PSEG Long Island said April 9, 2014, that it will fight a stop-work order issued by East Hampton Town that has blocked part of a contested East-End transmission project. These newly erected utility poles are along Old Stone Highway in Amagansett on Feb. 20, 2014. Credit: Brad Penner

PSEG Long Island Wednesday said it will file legal papers by Friday to squelch a stop-work order issued by East Hampton Town that has blocked part of a contested East-End transmission project.

In a move that escalates tensions between the town and the new utility operator, PSEG said it will seek a temporary restraining order and permanent injunction blocking the town from enforcing the order, which PSEG is complying with.

PSEG spokesman Jeff Weir said the company will seek a declaratory judgment in State Supreme Court asserting that LIPA is exempt from the town building code upon which the stop-work order was based. PSEG, he added, will cite LIPA's exemption from town building codes by the state Office of General Services.

PSEG will inform the town of its filing Thursday, Weir said, adding PSEG hopes for a hearing Friday or Monday, and for work to resume shortly thereafter.

Weir accused East Hampton Supervisor Larry Cantwell of "not only wasting taxpayer dollars in fighting something he was aware of and supported," but also of "putting the entire reliability of the town of East Hampton in jeopardy" by delaying a needed transmission project.

East Hampton residents and officials have strenuously protested the 6-mile project, which has strung cables capable of carrying 33,000 volts on poles up to 65 feet high through village and town neighborhoods.

PSEG has made substantial progress on the project. All 267 poles are in the ground, and 13,600 feet of transmission cable, or 43 percent, has been strung on them. In addition, around a quarter of the local electrical distribution wires have been transferred to the larger poles, Weir said.

Cantwell Wednesday said he'd not yet heard from PSEG attorneys on the matter and couldn't comment.

East Hampton served the stop-work order at the LIPA Amagansett substation last week.

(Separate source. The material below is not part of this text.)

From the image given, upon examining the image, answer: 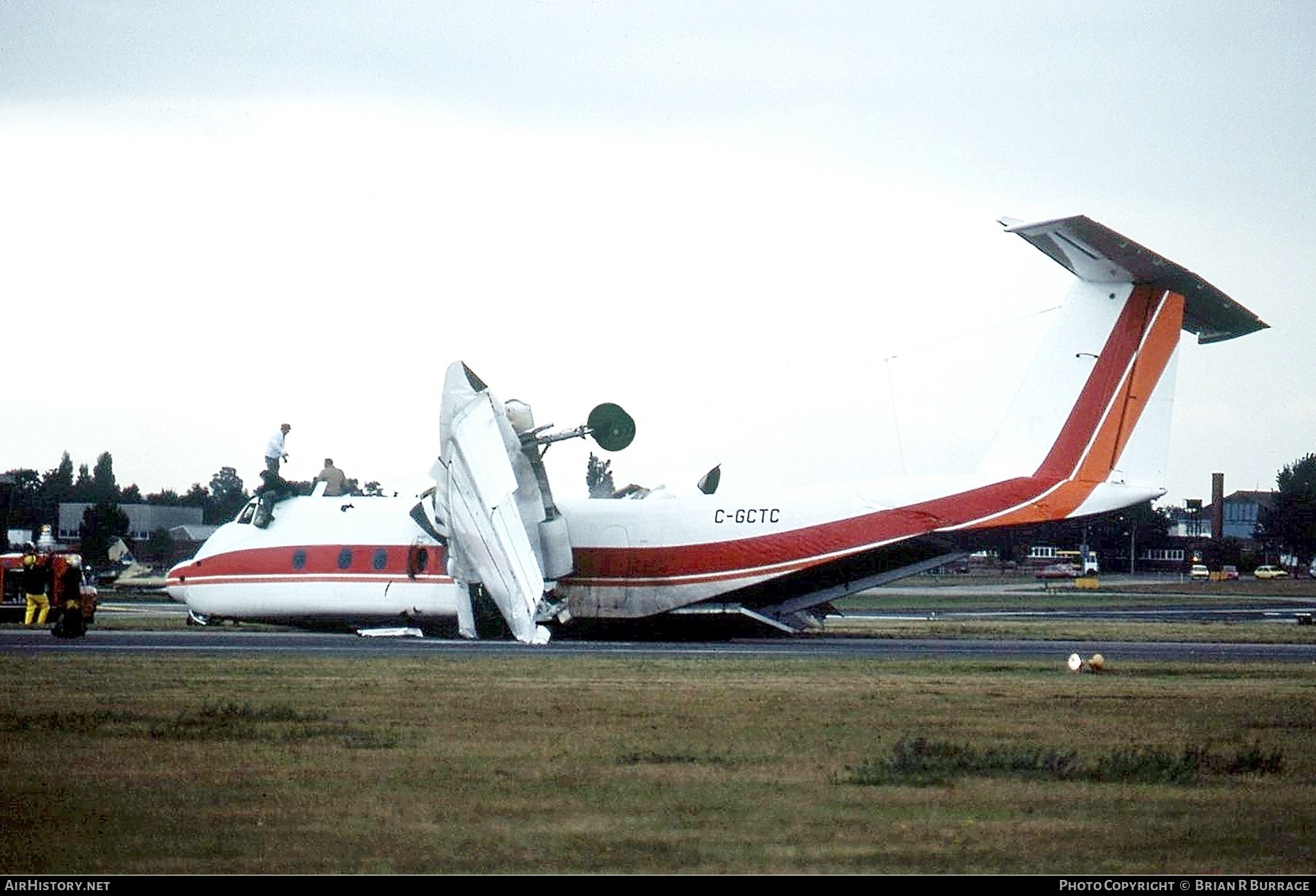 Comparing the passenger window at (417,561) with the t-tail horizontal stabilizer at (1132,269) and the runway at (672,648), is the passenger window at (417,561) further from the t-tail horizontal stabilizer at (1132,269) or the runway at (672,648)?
the t-tail horizontal stabilizer at (1132,269)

Weir said it was attached to a fence.

"We ask applicants to comply with our zoning codes and planning rules and regulations every day and are accustomed to doing business and holding up the town code," Cantwell said. "We believe PSEG has a responsibility to comply with that code as well."

Cantwell alleged LIPA and PSEG "dug their own hole" by allowing National Grid last year to retire three generators in Montauk. "Why didn't they just replace the generators?" Cantwell said.

Cantwell said that he had retired as East Hampton village administrator two months before the village approved a permit for the project and that the town highway superintendent had approved the project months before he took over as town supervisor.

"The truth is their [PSEG's] credibility in this argument is at stake when they try to play this political game in alleging approvals I did not play a part in," he said. "They're being disingenuous when they try to tie me to an approval of this project which I never gave or voted on."